* TASK TO CARRY OUT: Starting at the line that holds "746 S 6300 E Huntsville, UT 84317" and stopping at the line that holds "3 Photograph of", restate the records below word for word, with both of those lines included.

**** DATA UNDER STUDY

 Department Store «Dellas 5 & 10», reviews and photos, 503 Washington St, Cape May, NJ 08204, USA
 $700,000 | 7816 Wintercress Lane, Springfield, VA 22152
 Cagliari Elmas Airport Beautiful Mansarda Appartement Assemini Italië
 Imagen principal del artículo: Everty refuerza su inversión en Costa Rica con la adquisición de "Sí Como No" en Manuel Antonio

********
**** DATA UNDER STUDY

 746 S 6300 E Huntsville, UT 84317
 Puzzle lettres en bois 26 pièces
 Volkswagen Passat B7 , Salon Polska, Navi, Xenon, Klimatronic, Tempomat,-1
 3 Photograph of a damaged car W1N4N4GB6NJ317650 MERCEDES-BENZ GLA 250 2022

********

* RESPONSE FOR THIS EXERCISE:
 746 S 6300 E Huntsville, UT 84317
 Puzzle lettres en bois 26 pièces
 Volkswagen Passat B7 , Salon Polska, Navi, Xenon, Klimatronic, Tempomat,-1
 3 Photograph of a damaged car W1N4N4GB6NJ317650 MERCEDES-BENZ GLA 250 2022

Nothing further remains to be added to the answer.